What to produce>
Retype the data that follows with no alterations, please.

(Brief descriptive captions)
%%

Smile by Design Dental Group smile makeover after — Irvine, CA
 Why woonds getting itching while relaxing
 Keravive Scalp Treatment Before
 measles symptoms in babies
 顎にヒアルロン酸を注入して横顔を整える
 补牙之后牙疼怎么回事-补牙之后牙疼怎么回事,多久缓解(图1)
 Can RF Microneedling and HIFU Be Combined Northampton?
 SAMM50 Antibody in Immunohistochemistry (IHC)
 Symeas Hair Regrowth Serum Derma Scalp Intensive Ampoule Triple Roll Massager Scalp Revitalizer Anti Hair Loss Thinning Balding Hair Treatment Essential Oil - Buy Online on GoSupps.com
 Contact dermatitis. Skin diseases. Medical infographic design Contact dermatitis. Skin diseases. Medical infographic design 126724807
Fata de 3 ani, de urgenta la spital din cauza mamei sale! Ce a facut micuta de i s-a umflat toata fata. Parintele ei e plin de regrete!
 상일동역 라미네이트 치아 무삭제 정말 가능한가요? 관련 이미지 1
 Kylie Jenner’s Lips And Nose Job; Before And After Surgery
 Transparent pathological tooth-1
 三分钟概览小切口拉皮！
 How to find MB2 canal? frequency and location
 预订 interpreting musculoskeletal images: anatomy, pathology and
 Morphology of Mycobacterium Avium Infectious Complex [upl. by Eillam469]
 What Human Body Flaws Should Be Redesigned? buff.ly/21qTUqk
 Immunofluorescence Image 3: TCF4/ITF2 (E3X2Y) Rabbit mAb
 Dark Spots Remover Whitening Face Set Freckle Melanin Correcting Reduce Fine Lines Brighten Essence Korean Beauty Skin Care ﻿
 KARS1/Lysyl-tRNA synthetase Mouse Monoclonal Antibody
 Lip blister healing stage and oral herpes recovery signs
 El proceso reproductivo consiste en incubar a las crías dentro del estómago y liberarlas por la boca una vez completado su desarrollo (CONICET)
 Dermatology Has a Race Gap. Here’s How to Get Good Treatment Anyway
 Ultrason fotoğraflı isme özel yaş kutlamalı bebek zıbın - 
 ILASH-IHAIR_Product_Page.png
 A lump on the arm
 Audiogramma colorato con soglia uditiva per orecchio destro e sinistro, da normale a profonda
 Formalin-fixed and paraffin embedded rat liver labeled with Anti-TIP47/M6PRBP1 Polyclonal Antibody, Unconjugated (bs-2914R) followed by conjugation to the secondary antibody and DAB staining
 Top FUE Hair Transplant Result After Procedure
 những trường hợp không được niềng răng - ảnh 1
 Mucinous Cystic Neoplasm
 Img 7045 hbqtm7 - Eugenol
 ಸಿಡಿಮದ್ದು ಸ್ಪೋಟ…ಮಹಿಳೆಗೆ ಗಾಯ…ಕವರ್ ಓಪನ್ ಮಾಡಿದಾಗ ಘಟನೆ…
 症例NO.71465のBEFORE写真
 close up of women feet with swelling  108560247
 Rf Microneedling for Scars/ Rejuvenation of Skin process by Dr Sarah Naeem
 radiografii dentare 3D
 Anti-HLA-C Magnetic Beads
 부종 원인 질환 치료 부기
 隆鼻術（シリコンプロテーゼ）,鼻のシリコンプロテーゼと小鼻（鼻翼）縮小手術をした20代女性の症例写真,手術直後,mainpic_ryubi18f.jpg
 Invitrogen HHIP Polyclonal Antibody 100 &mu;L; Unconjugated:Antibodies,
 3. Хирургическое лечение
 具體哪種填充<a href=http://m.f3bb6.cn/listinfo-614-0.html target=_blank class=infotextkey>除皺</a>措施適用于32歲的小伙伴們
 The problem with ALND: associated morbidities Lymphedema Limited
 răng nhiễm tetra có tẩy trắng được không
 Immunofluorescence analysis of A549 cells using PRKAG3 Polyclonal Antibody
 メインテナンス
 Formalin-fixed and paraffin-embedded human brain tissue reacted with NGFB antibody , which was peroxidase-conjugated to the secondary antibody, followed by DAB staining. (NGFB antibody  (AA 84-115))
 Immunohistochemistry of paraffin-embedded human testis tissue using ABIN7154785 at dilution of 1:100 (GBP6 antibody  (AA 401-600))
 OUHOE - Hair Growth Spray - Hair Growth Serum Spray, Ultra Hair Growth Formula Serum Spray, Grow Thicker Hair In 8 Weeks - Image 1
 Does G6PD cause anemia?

%%

Expected output>
Smile by Design Dental Group smile makeover after — Irvine, CA
 Why woonds getting itching while relaxing
 Keravive Scalp Treatment Before
 measles symptoms in babies
 顎にヒアルロン酸を注入して横顔を整える
 补牙之后牙疼怎么回事-补牙之后牙疼怎么回事,多久缓解(图1)
 Can RF Microneedling and HIFU Be Combined Northampton?
 SAMM50 Antibody in Immunohistochemistry (IHC)
 Symeas Hair Regrowth Serum Derma Scalp Intensive Ampoule Triple Roll Massager Scalp Revitalizer Anti Hair Loss Thinning Balding Hair Treatment Essential Oil - Buy Online on GoSupps.com
 Contact dermatitis. Skin diseases. Medical infographic design Contact dermatitis. Skin diseases. Medical infographic design 126724807
Fata de 3 ani, de urgenta la spital din cauza mamei sale! Ce a facut micuta de i s-a umflat toata fata. Parintele ei e plin de regrete!
 상일동역 라미네이트 치아 무삭제 정말 가능한가요? 관련 이미지 1
 Kylie Jenner’s Lips And Nose Job; Before And After Surgery
 Transparent pathological tooth-1
 三分钟概览小切口拉皮！
 How to find MB2 canal? frequency and location
 预订 interpreting musculoskeletal images: anatomy, pathology and
 Morphology of Mycobacterium Avium Infectious Complex [upl. by Eillam469]
 What Human Body Flaws Should Be Redesigned? buff.ly/21qTUqk
 Immunofluorescence Image 3: TCF4/ITF2 (E3X2Y) Rabbit mAb
 Dark Spots Remover Whitening Face Set Freckle Melanin Correcting Reduce Fine Lines Brighten Essence Korean Beauty Skin Care ﻿
 KARS1/Lysyl-tRNA synthetase Mouse Monoclonal Antibody
 Lip blister healing stage and oral herpes recovery signs
 El proceso reproductivo consiste en incubar a las crías dentro del estómago y liberarlas por la boca una vez completado su desarrollo (CONICET)
 Dermatology Has a Race Gap. Here’s How to Get Good Treatment Anyway
 Ultrason fotoğraflı isme özel yaş kutlamalı bebek zıbın - 
 ILASH-IHAIR_Product_Page.png
 A lump on the arm
 Audiogramma colorato con soglia uditiva per orecchio destro e sinistro, da normale a profonda
 Formalin-fixed and paraffin embedded rat liver labeled with Anti-TIP47/M6PRBP1 Polyclonal Antibody, Unconjugated (bs-2914R) followed by conjugation to the secondary antibody and DAB staining
 Top FUE Hair Transplant Result After Procedure
 những trường hợp không được niềng răng - ảnh 1
 Mucinous Cystic Neoplasm
 Img 7045 hbqtm7 - Eugenol
 ಸಿಡಿಮದ್ದು ಸ್ಪೋಟ…ಮಹಿಳೆಗೆ ಗಾಯ…ಕವರ್ ಓಪನ್ ಮಾಡಿದಾಗ ಘಟನೆ…
 症例NO.71465のBEFORE写真
 close up of women feet with swelling  108560247
 Rf Microneedling for Scars/ Rejuvenation of Skin process by Dr Sarah Naeem
 radiografii dentare 3D
 Anti-HLA-C Magnetic Beads
 부종 원인 질환 치료 부기
 隆鼻術（シリコンプロテーゼ）,鼻のシリコンプロテーゼと小鼻（鼻翼）縮小手術をした20代女性の症例写真,手術直後,mainpic_ryubi18f.jpg
 Invitrogen HHIP Polyclonal Antibody 100 &mu;L; Unconjugated:Antibodies,
 3. Хирургическое лечение
 具體哪種填充<a href=http://m.f3bb6.cn/listinfo-614-0.html target=_blank class=infotextkey>除皺</a>措施適用于32歲的小伙伴們
 The problem with ALND: associated morbidities Lymphedema Limited
 răng nhiễm tetra có tẩy trắng được không
 Immunofluorescence analysis of A549 cells using PRKAG3 Polyclonal Antibody
 メインテナンス
 Formalin-fixed and paraffin-embedded human brain tissue reacted with NGFB antibody , which was peroxidase-conjugated to the secondary antibody, followed by DAB staining. (NGFB antibody  (AA 84-115))
 Immunohistochemistry of paraffin-embedded human testis tissue using ABIN7154785 at dilution of 1:100 (GBP6 antibody  (AA 401-600))
 OUHOE - Hair Growth Spray - Hair Growth Serum Spray, Ultra Hair Growth Formula Serum Spray, Grow Thicker Hair In 8 Weeks - Image 1
 Does G6PD cause anemia?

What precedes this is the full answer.